§ **TASK OBJECTIVE**:
Please copy the lines below, exactly as they are, from the one with "亚麻新中式重工刺绣四季百搭马甲" through the one with "Vintage Leather Blazer", and leave out the pictures.

§ **EXERCISE MATERIAL**:
*** Block opens ***

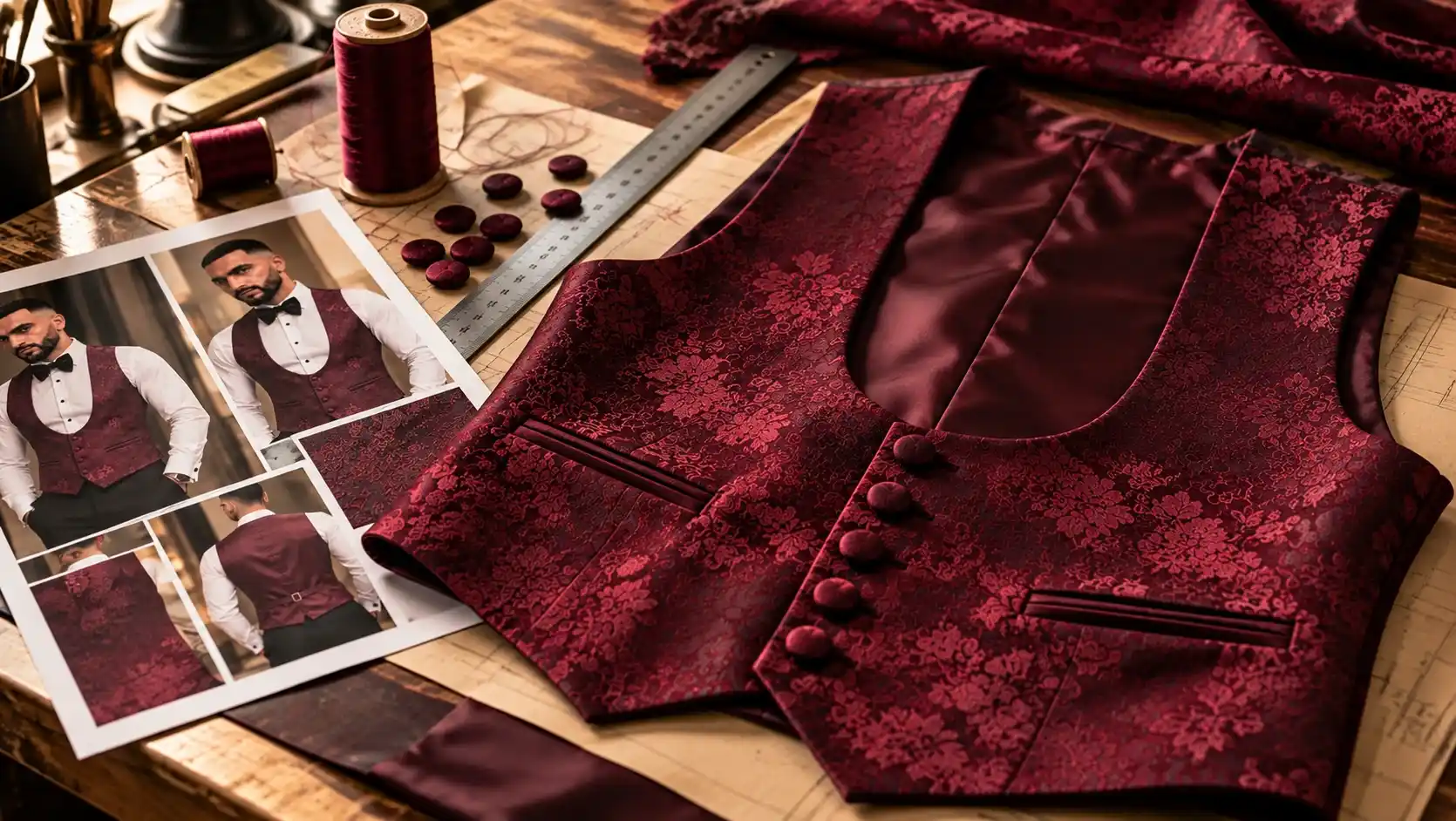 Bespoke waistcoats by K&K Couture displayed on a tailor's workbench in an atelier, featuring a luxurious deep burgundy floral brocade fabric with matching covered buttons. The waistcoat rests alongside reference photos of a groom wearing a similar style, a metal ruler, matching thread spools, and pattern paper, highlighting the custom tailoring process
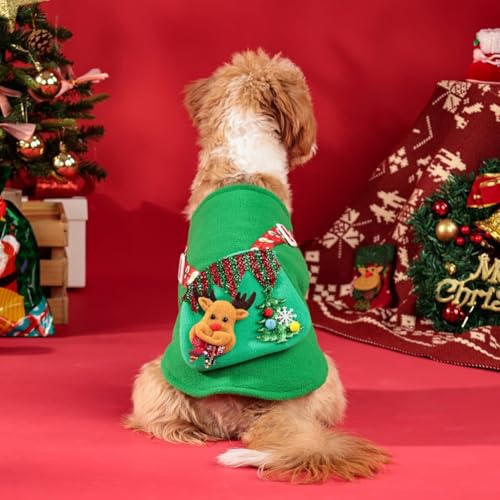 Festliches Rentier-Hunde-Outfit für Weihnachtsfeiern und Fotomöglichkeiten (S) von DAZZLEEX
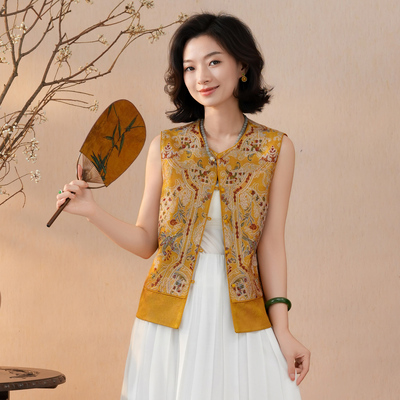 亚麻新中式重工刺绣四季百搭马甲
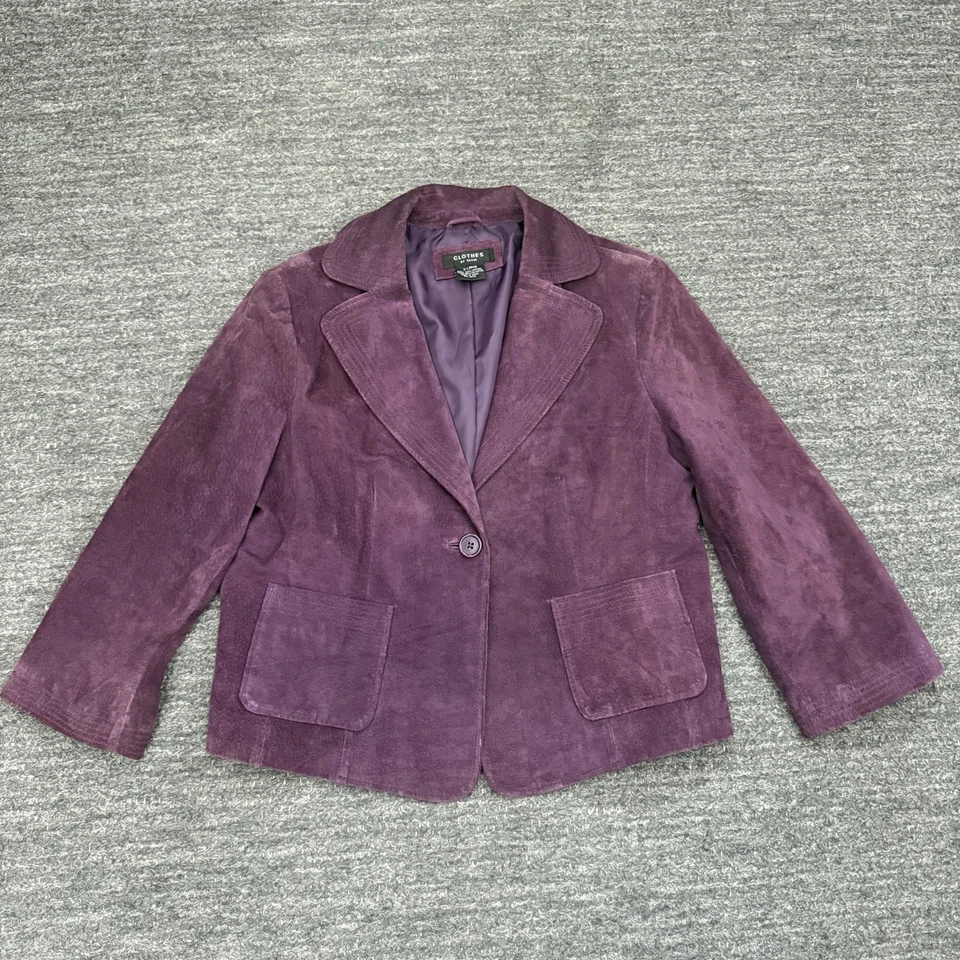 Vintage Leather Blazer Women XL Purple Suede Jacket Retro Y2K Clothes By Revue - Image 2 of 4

*** Block closes ***
*** Block opens ***

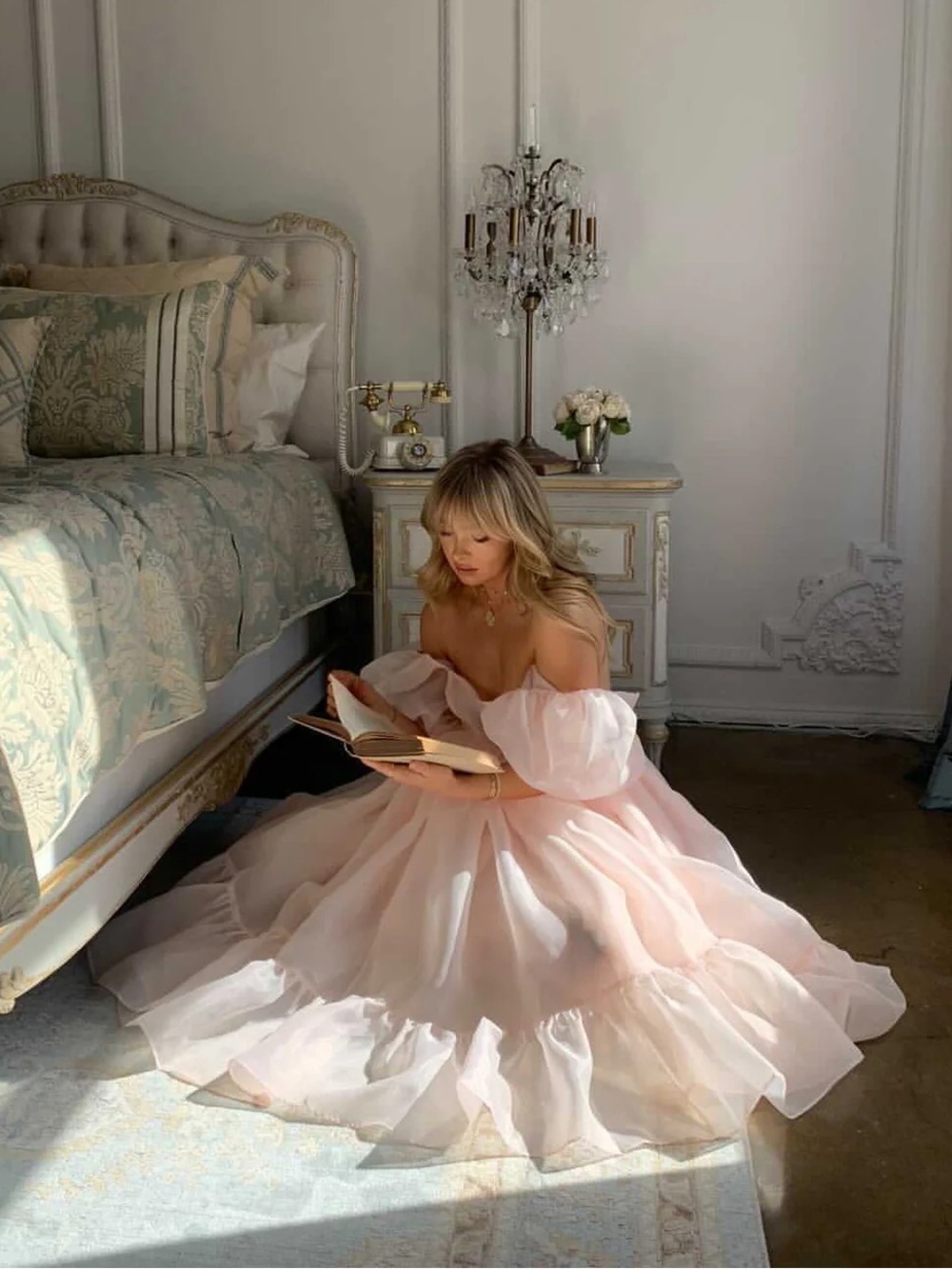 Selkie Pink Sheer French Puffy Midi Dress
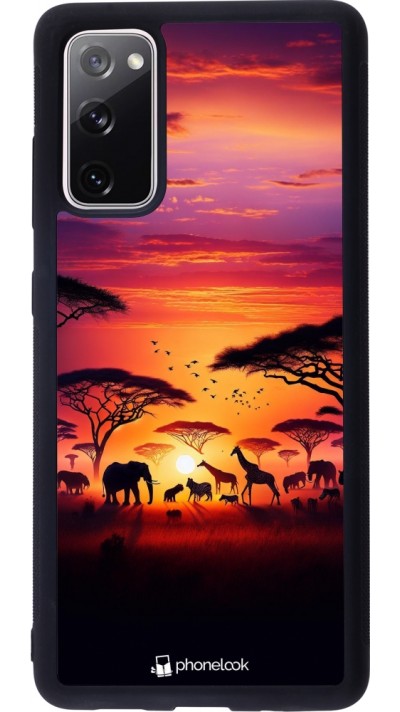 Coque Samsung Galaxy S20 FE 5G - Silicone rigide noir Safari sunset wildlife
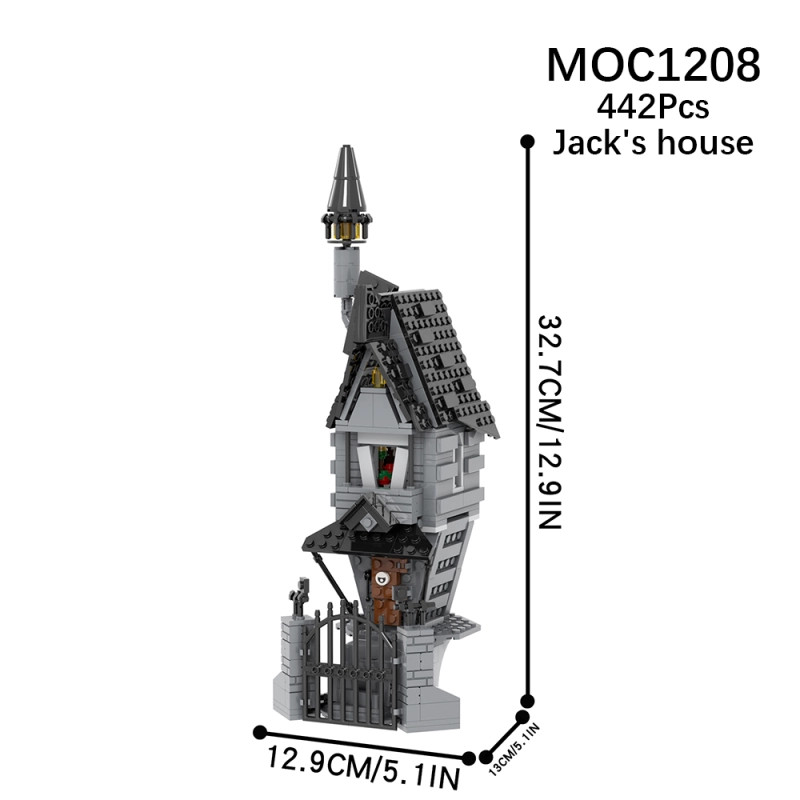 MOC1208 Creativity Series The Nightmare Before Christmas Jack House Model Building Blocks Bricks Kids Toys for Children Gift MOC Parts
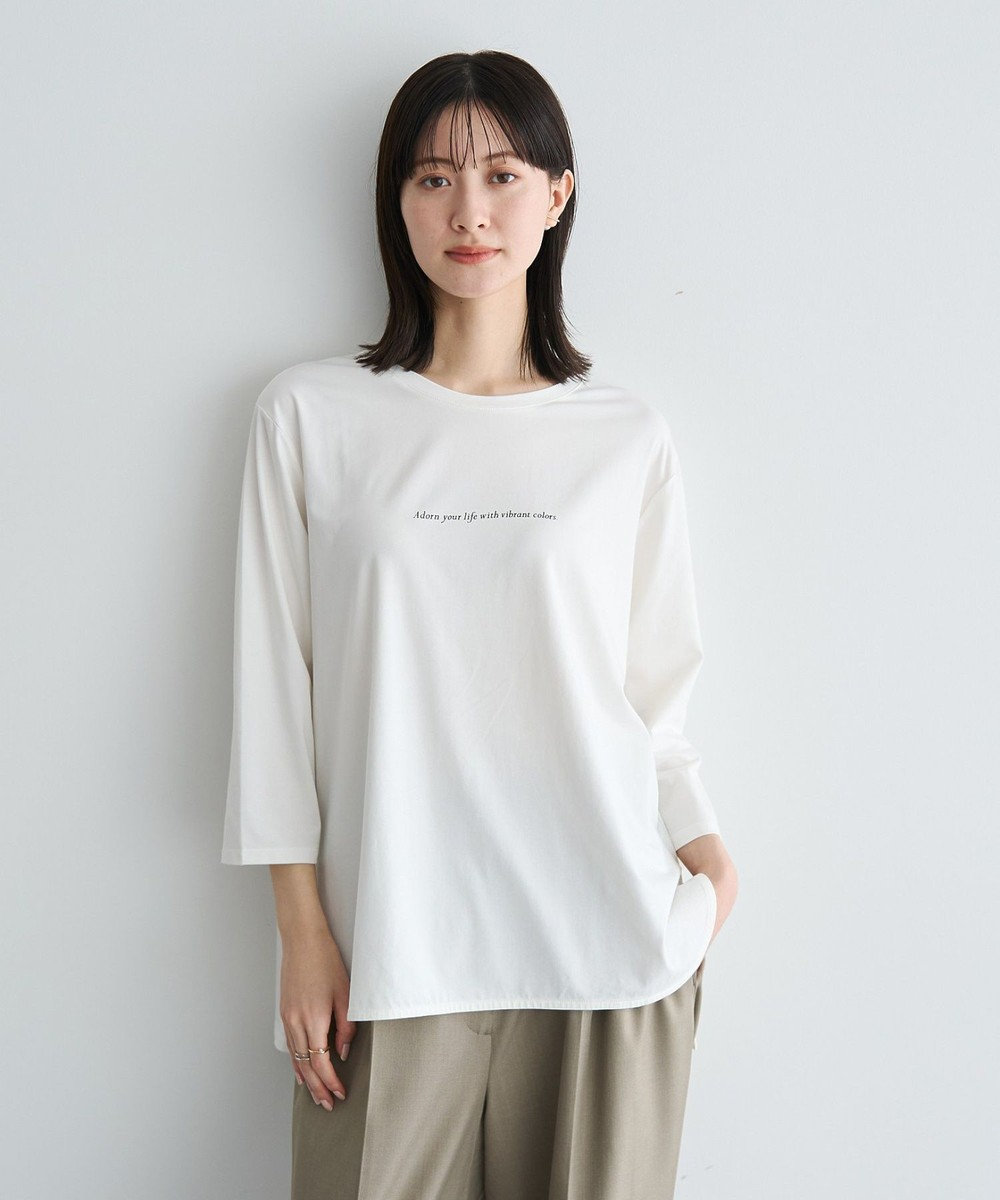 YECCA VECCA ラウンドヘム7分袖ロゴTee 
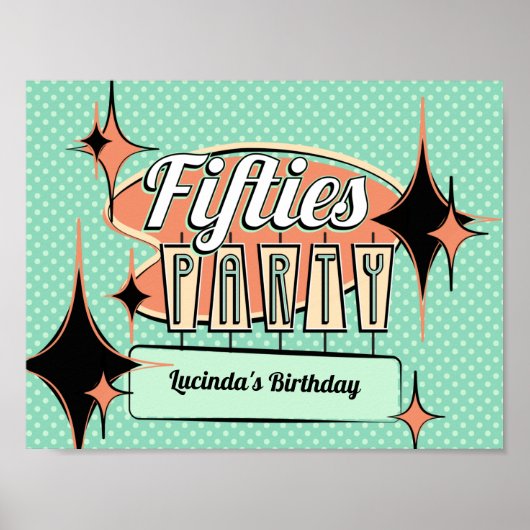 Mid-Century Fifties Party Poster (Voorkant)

*** Block closes ***
*** Block opens ***

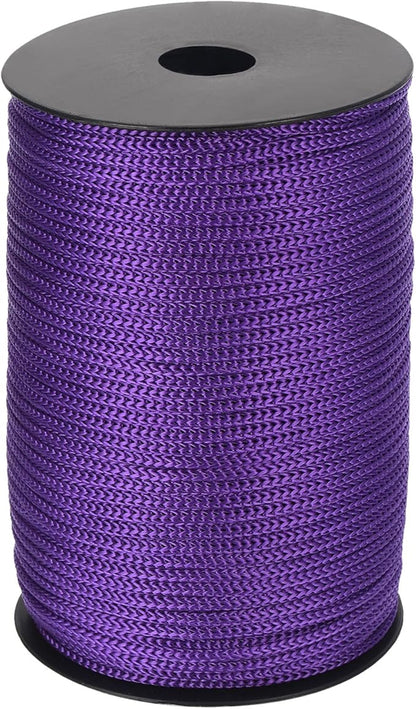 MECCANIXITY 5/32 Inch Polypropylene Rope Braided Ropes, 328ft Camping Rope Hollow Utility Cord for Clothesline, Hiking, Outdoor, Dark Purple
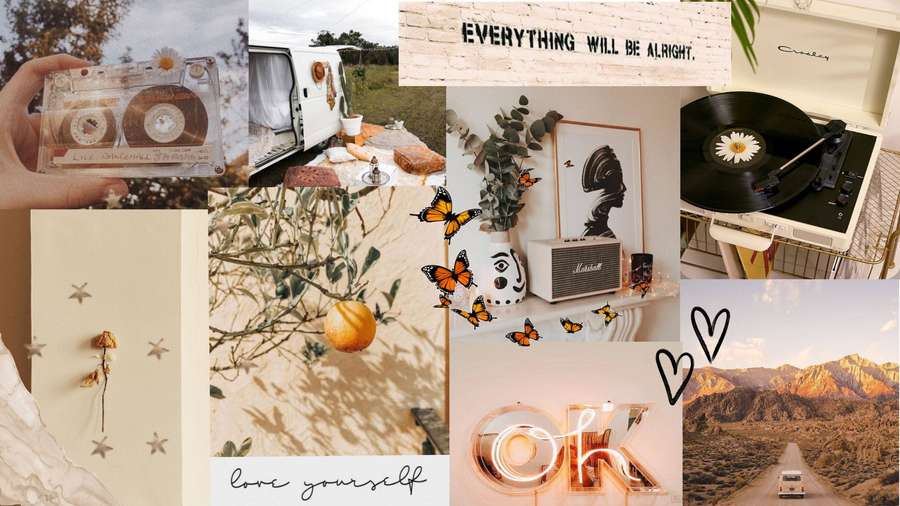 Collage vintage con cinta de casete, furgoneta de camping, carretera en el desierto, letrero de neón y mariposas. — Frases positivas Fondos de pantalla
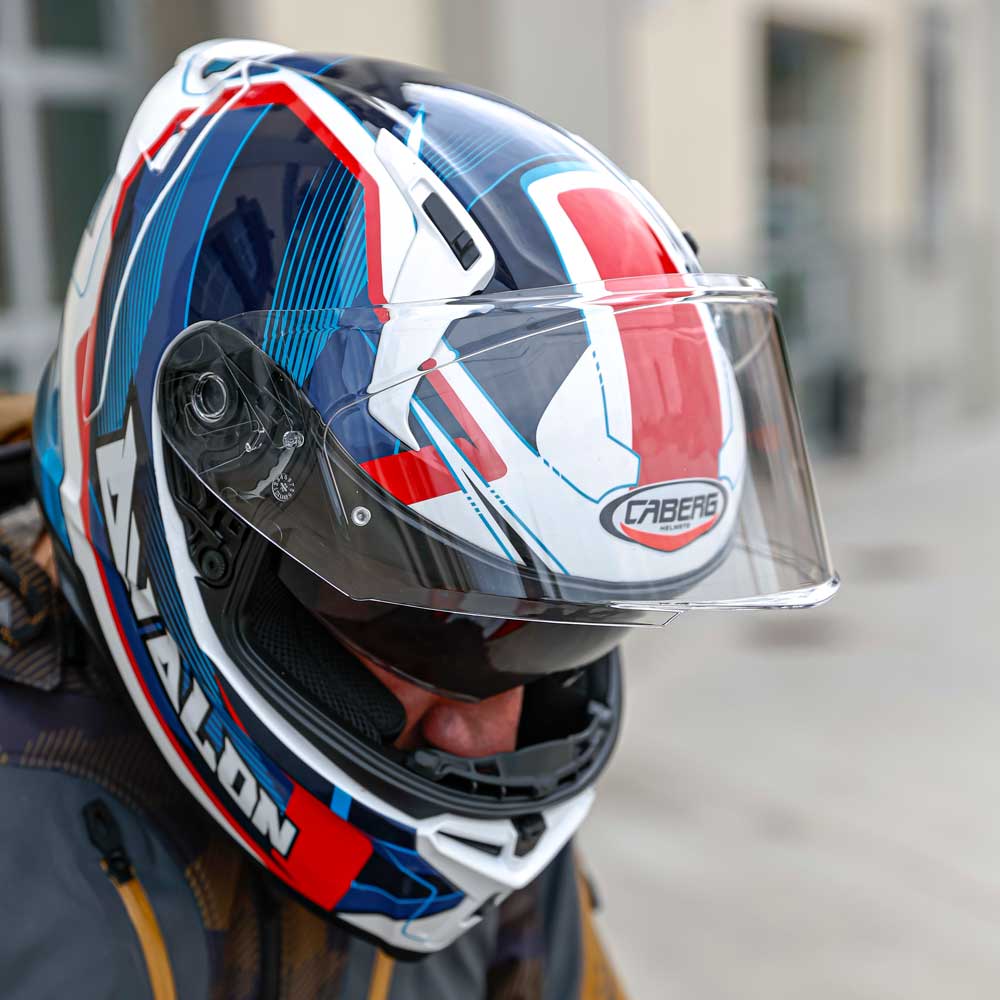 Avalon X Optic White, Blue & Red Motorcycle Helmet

*** Block closes ***

§ **COMPLETED TASK**:
 亚麻新中式重工刺绣四季百搭马甲
 Vintage Leather Blazer Women XL Purple Suede Jacket Retro Y2K Clothes By Revue - Image 2 of 4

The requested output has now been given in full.